Sept. 21 (Bloomberg) - Legislation to end a ban on Americans traveling to Cuba has enough support in the U.S. House of Representatives to win approval by year-end, said Representative Sam Farr, a California Democrat.

The bill to let U.S. citizens resume travel to the Caribbean island except in times of war or cases in which they face imminent danger has 181 votes in the House and needs 218 to pass, said Farr, a co-sponsor of the legislation. The plan is backed by travel groups such as the United States Tour Operators Association and the National Tour Association and human rights groups such as the Washington Office on Latin America and has been helped by President Barack Obama's election, he said.

"It is believed we can get to this before the end of the year," Farr, 68, said in an interview in New York. "We haven't had a policy about Cuba. We've had policies about getting votes in Florida and Obama changed that by getting those votes."

The U.S. ended restrictions on Sept. 3 on Cuban-Americans travel and money transfers to relatives in Cuba. The new rules also allow U.S. telecommunications companies to provide service in Cuba for mobile telephone, satellite radio and television. Exceptions to the 1962 trade embargo on communist Cuba include $500 million per year in agricultural exports, Farr said.

"If you are a potato, you can get to Cuba very easily," he said. "But if you are a person, you can't, and that is our problem."

*The rest of the article*


----------



## Tarks (Mar 3, 2009)

SkinsFanLarry said:


> *Overturning Cuba Travel Ban May Pass House This Year*
> 
> By Fabiola Moura
> 
> ...


Very interesting read. I don't believe everything I read and I doubt that this will happen by the end of the year as predicted. If and when this happens it will be interesting to see how welcome Americans are in Cuba.


----------



## phatmax (Mar 18, 2009)

While I would greatly enjoy travel to Cuba, I just get a little queasy about American tourist money supporting such a terrible Communist regime.

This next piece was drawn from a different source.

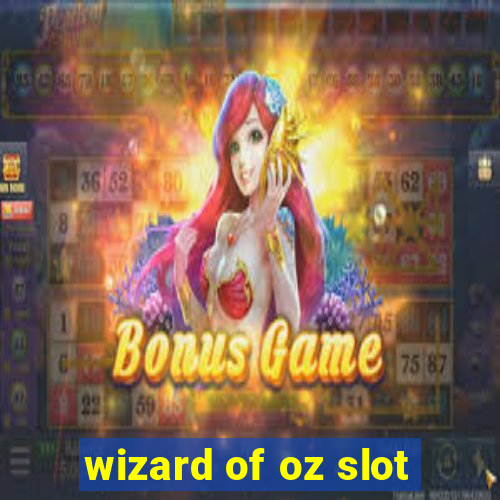 wizard of oz slot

The way the government treats the citizens is awful and the chances that tourist money is going to go to the citizens is nearly zero.

Decades of the rest of the world being able to travel to Cuba has not really improved their lot, but has certainly footed the bill for keeping Castro and his buddies in power.

I really wish they could wait until a slightly more humanitarian government takes power.

If North Korea was a sweet vacation spot and made awesome smokes, would you still travel there knowing how they treat their citizens, if the money just goes straight to the leadership?

I just am concerned that the implications if we will ignore how you treat your citizens and do business with you anyhow.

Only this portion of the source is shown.